Las nuevas tecnologías han convertido la intimidad en una quimera. No lo olvidemos cuando pulsemos la tecla de enviar un mensaje. Nuestras conversaciones en las redes sociales no se borran aunque las eliminemos en primera instancia: permanecen en algún lugar del mundo, durmientes en una caja de Pandora tecnológica. Y si alguna de nuestras relaciones llega a ser peligrosa (un presunto amigo que comete algún tipo de presunto crimen, por ejemplo) nuestra ingenuidad corre el riesgo de perder la inocencia si la mirada implacable de la justicia entra en acción y, luego, alguien filtra interesadamente a un medio determinado extractos de confidencias que considerábamos secretas.
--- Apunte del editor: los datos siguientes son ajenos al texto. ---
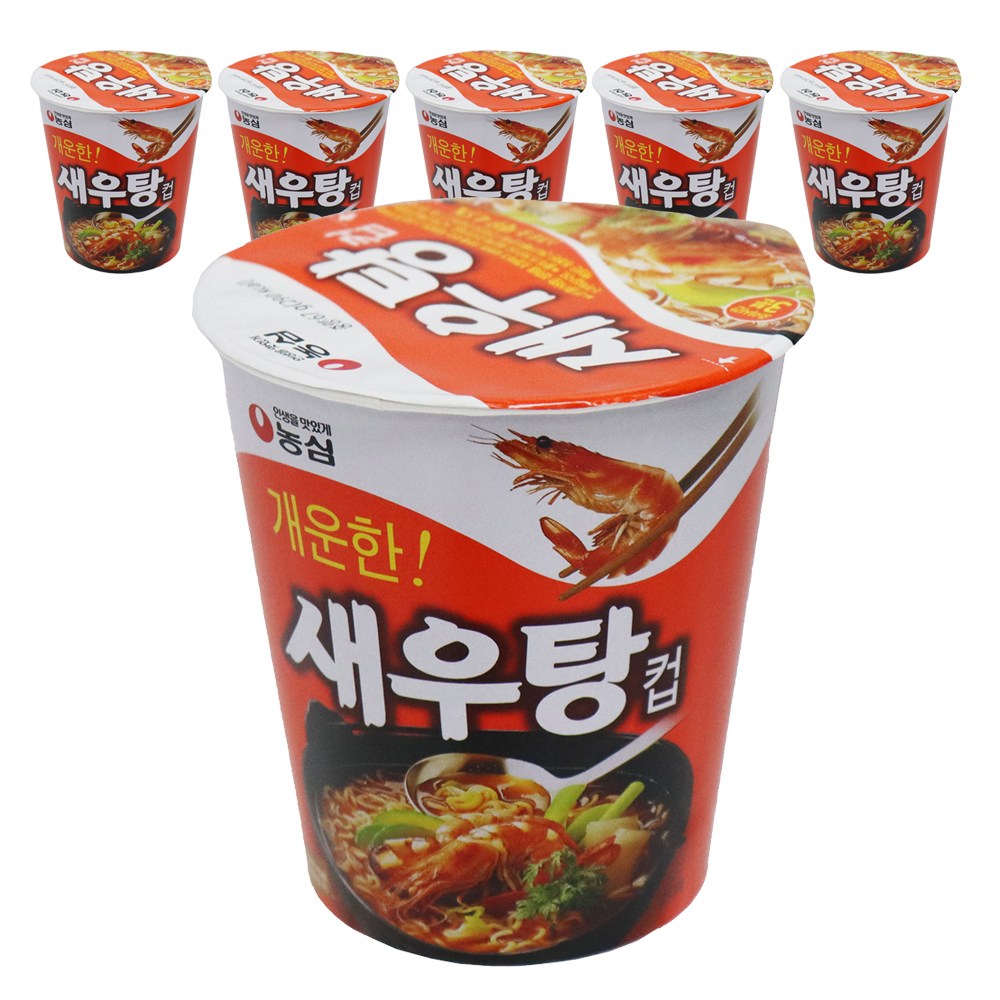 [韓国食品]ノンシムエビタンカップ67g6個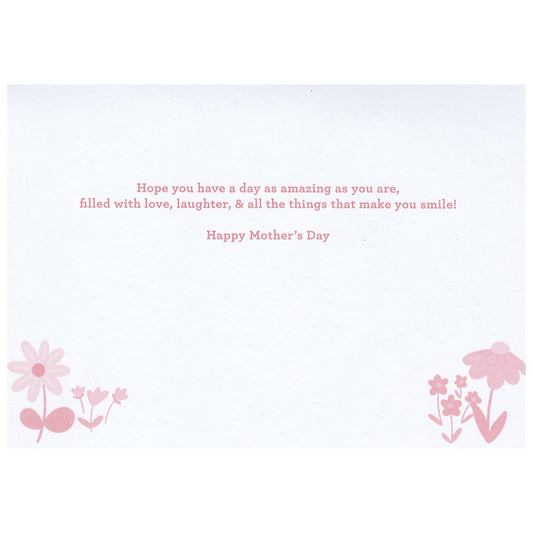 Floral MOM Lettering - Mother's Day Card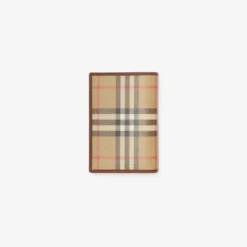 Check Folding Card Case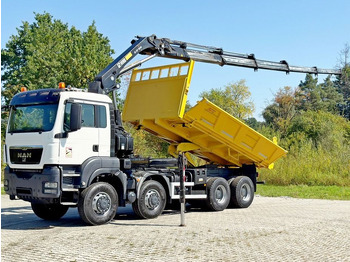 Istovarivač, Kamion sa dizalicom MAN TGS 32.510 * HIAB 288 EP - 5HIDUO/ FUNK * 8x8: slika 3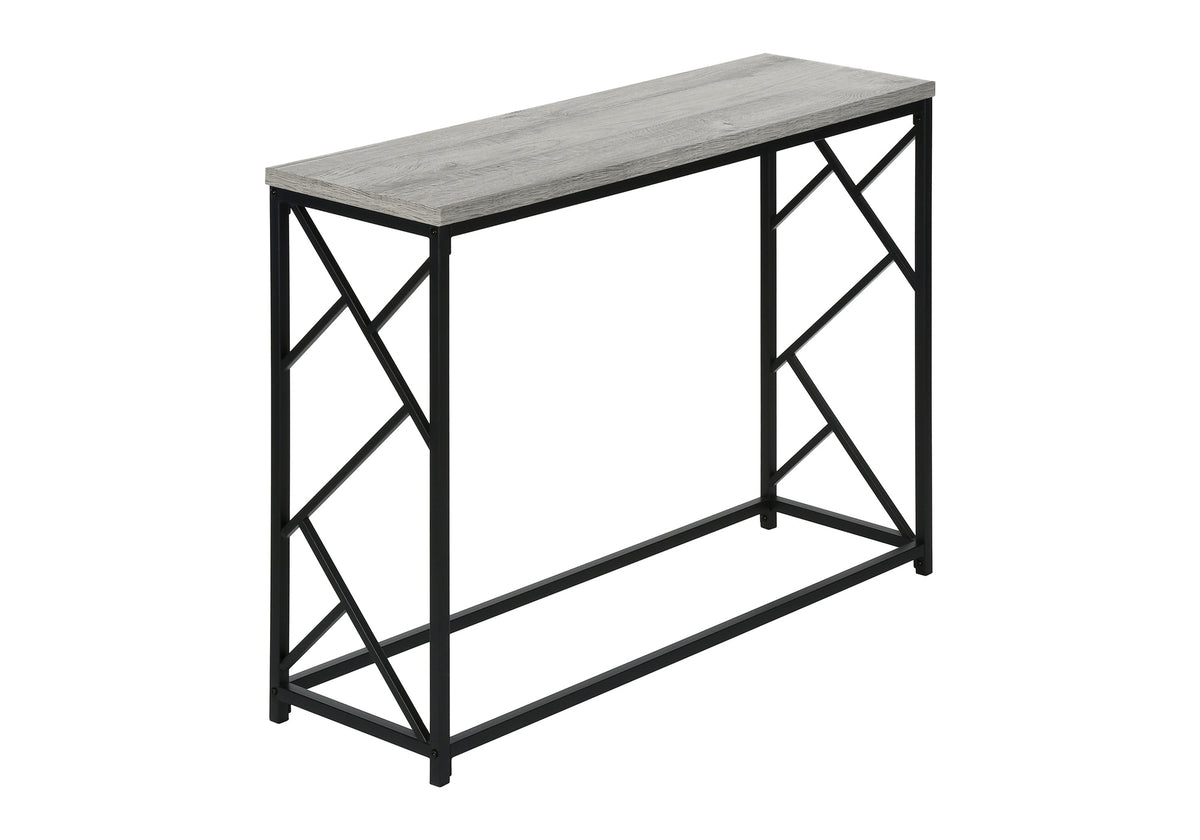 Vega Grey & Black Metal Hall Console | Ortholuxe Home - Photo 3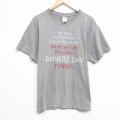 L★古着 ジャージーズ 半袖 ビンテージ Tシャツ メンズ 00年代 00s ファーザーズ クルーネック グレー 霜降り 25sep25 中古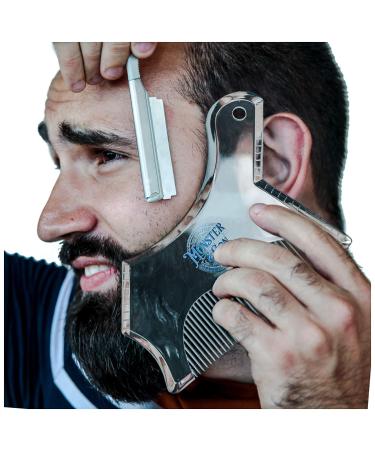 Monster&Son Beard Shaping Tool - Classic Oversized Design (Clear)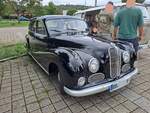 BMW 501 von 1958 am 08.09.2024 beim Oldtimertreff am alten Neckar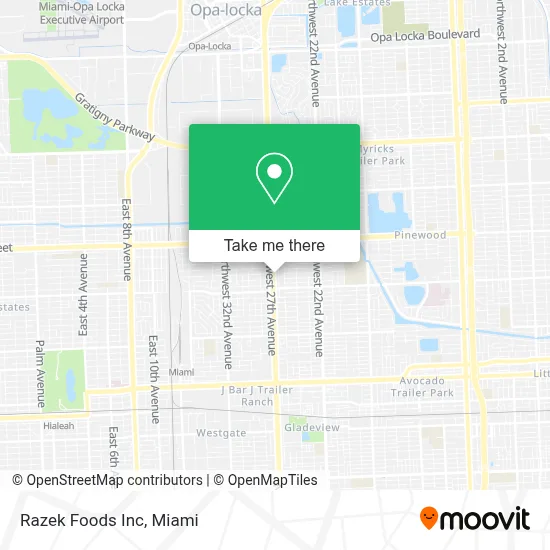 Razek Foods Inc map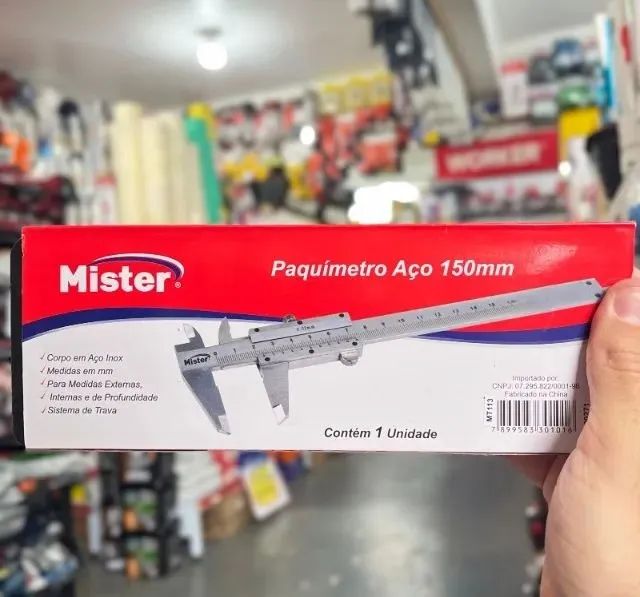 Paquímetro Corpo Em Aço Inox 150mm Mister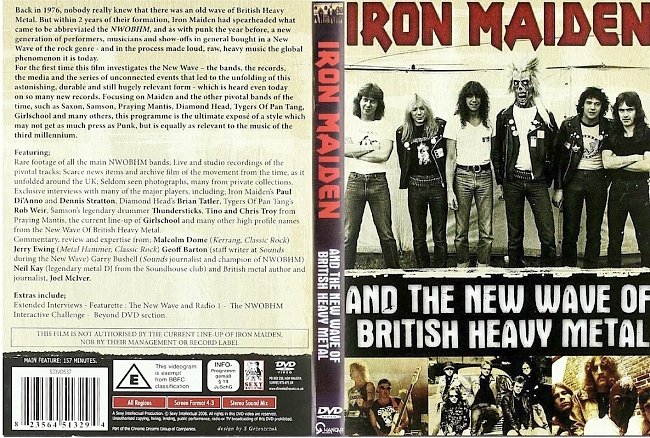 dvd cover Iron Maiden - And The New Wave Of British Heavy Metal 2008 Dvd Cover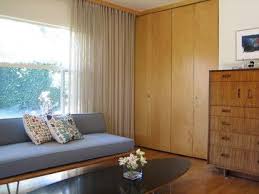 Modern decor is linked to the beginning through the middle of the 20th century. Sheer Drapes Across The Entire Wall House Decor Modern Mid Century Modern House Mid Century Modern Bedroom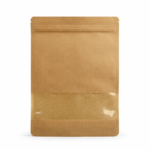 Doypack Papier Kraft 270x160x80 - 750ml - małe okienko -25 szt.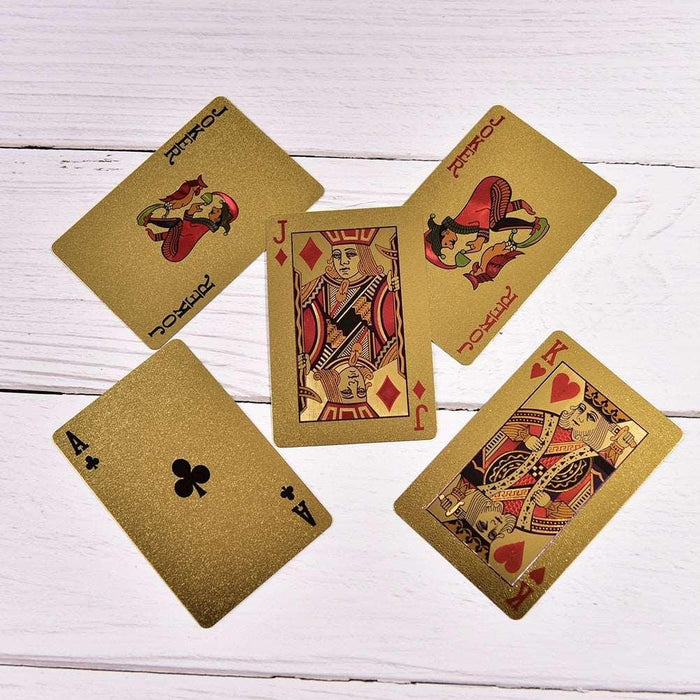 Golden Luxury Poker Deck Set for Classy Game Nights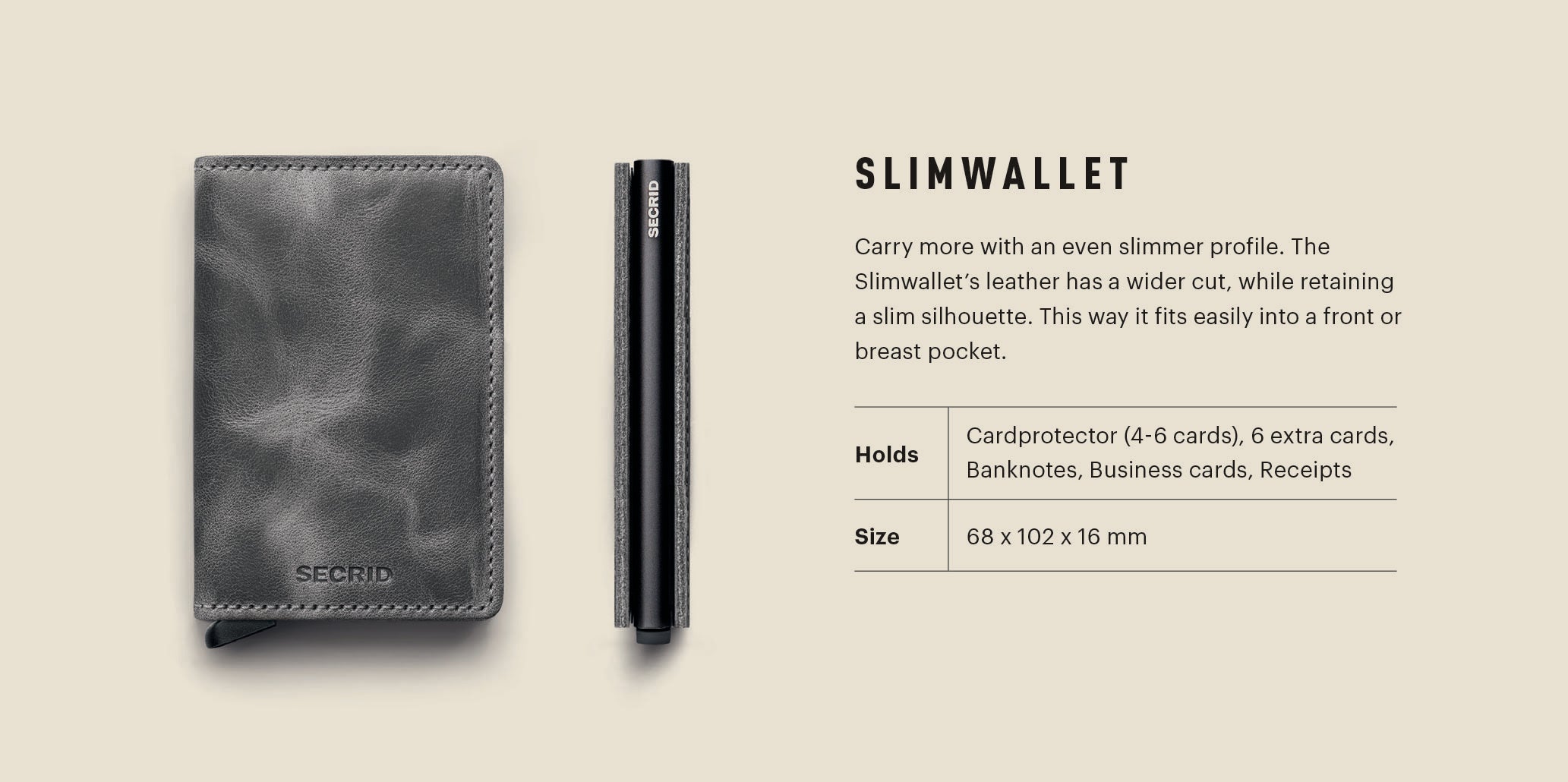 Matte Leather Slimwallet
O muertas y enterradas.

No existe la impunidad o inmunidad en el imperio digital. La reina Letizia no tuvo en cuenta ese pequeño gran detalle cuando envió algo parecido a un mensaje de ánimo a un ex amigo metido en problemas, un personaje con varios frentes abiertos de investigación pero que, al margen de las escasas simpatías que pueda despertar, aún no ha sido condenado por nada ni por nadie. No lo olvidemos aunque vivamos en tiempos de linchamiento virtual instantáneo. Y, como charla entre amigos privada que fue, era normal el tono coloquial empleado (incluido el famoso «yogui») y del que tantas chanzas se están haciendo.

Ahora bien, dicho esto y dejando clara la incomodidad o incluso el temor que trae aparejada esta invasión de la intimidad y su posterior exposición en el patio púbico e impúdico, no se puede tampoco dejar pasar por alto la ingenuidad de dos afectados a los que su cargo no les permite tales deslices. Precisamente por el cargo que ocupan son los que más y mejor saben (o deberían saber) de qué va esto de las nuevas tecnologías y sus numerosos peligros. Si alguien en Facebook tiene acceso a nuestros mensajes y chateos para luego colocarnos publicidad, ¿cómo se puede ignorar que la mensajería instantánea deja huellas imborrables? Con la que está cayendo sobre la monarquía, lo que menos necesita la institución es saber que el Rey considera que éste es un país complicado («¡y tanto!») o que la Reina descalifica a unos compañeros de profesión con letras destempladas. Lo más probable es que la Reina esté arrepentida de esa amistad y de esas palabras dirigidas a unos periodistas, por más que se esté en desacuerdo con su trabajo o la forma en que la trata. No sería mal detalle que, puesto que ha salido a la luz lo que se creía oculto para siempre, el mismo teléfono usado para denostarlos se usara ahora para pedir disculpas a los agraviados y recordar lo que decía el sabio Charles Dickens: «Acostumbramos a cometer nuestras peores debilidades y flaquezas a causa de la gente que más despreciamos».